Ce duel, il est légendaire. Mythologique même. C’est un affrontement absolument magnifique entre deux titans, deux colosses, deux géants d’une île perdue que Ulysse (ou Luffy) a visité durant son périple en mer. Ce sont deux titans de force égale qui poussent, tête contre tête, pendant près de deux heures. Les forces s’annulent, rien ne se passe. On sent l’intensité. On sent l’immensité du moment, la grandeur des puissances en présence. Mais rien ne bouge. Les deux titans forcent autant qu’ils le peuvent. Et au dernier moment, on ne sait pas pourquoi, parce que c’est comme ça, parce que les Dieux en ont décidé comme ça, ou parce que l’un finit par avoir plus de force que l’autre, un des deux titans a un moment de faiblesse. Très léger, infime, imperceptible pour nous, spectateur. Une minuscule brèche, et d’un coup, toute la puissance du second s’y infiltre. Tête contre tête, puis ça dérape, et au final, l’un des deux finit par avoir ce brin de puissance en plus qui fait fléchir l’autre. Et une fois celui-ci à terre, une fois la brèche infiltrée, elle ne se rebouche pas. Au contraire, elle explose irrémédiablement.

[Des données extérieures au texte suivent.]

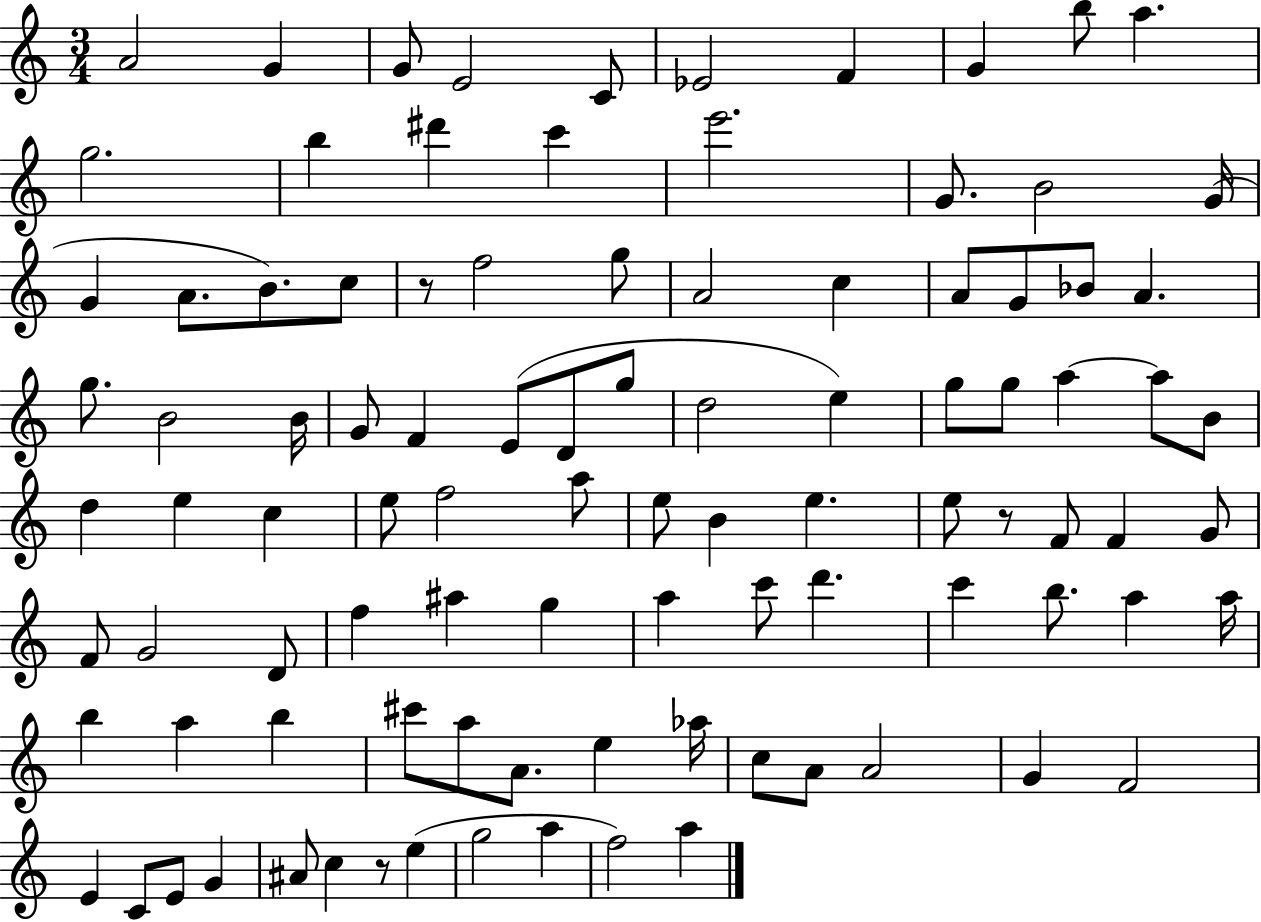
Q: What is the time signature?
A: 3/4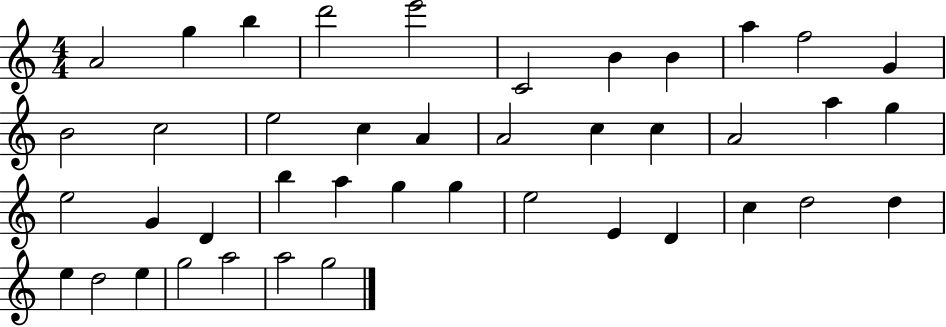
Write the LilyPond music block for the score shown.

{
  \clef treble
  \numericTimeSignature
  \time 4/4
  \key c \major
  a'2 g''4 b''4 | d'''2 e'''2 | c'2 b'4 b'4 | a''4 f''2 g'4 | \break b'2 c''2 | e''2 c''4 a'4 | a'2 c''4 c''4 | a'2 a''4 g''4 | \break e''2 g'4 d'4 | b''4 a''4 g''4 g''4 | e''2 e'4 d'4 | c''4 d''2 d''4 | \break e''4 d''2 e''4 | g''2 a''2 | a''2 g''2 | \bar "|."
}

En somme, c’est exactement le même scénario que nous avons eu pour les Finales NBA de l’an dernier. Et on l’espère, exactement le scénario qu’on aura cette année encore.

Les ressemblances entre le Game 7 de l’an passé et cette demi-finale titanesque sont pour moi très grandes. Peut-être que j’avais juste envie de vous raconter ce match, un classique parmi les classiques de l’histoire du football à mon très humble avis subjectif. Mais je persiste et signe à dire qu’entre cet Italie/Allemagne et ce Game 7 Cavs/Warriors, on a assisté au même match dans le fond. Les événements se sont fondamentalement déroulés de la même manière, ça c’est clair et net. Alors oui, c’est pas le même sport, c’est pas le même stade, c’est pas le même ballon, ce ne sont pas les même règles, c’est pas les mêmes acteurs, ce ne sont pas les même enjeux. Mais on s’en fout de la forme. Que le cuir soit à tâter avec le pied ou avec la main, qu’est qu’on s’en contrefiche. Le sport, c’est l’émotion, ce sont les histoires, les légendes. C’est notre mythologie à nous, en fait, la mythologie des temps modernes, tout autant sur du gazon, de la terre battue, du parquet, ou je ne sais quoi encore.

Or, les duels entre Italiens/Allemands et Warriors/Cavaliers sont à mon sens très similaires. C’est le même calque même si on a pas utilisé le même crayon pour dessiner les deux. L’affrontement d’une intensité folle, dans un match à enjeu historique, entre deux titans aux proportions presque surhumaines, deux forces égales qui s’annulent jusqu’au bout de la nuit, et à la dernière seconde sur un détail infime, l’un fait plier puis fait exploser le second, c’est le même scenario dans les deux matchs. Que ce soit du foot ou du basket, qu’est ce qu’on s’en fout, c’était le même match. On parlera encore de ces matchs-là dans un siècle.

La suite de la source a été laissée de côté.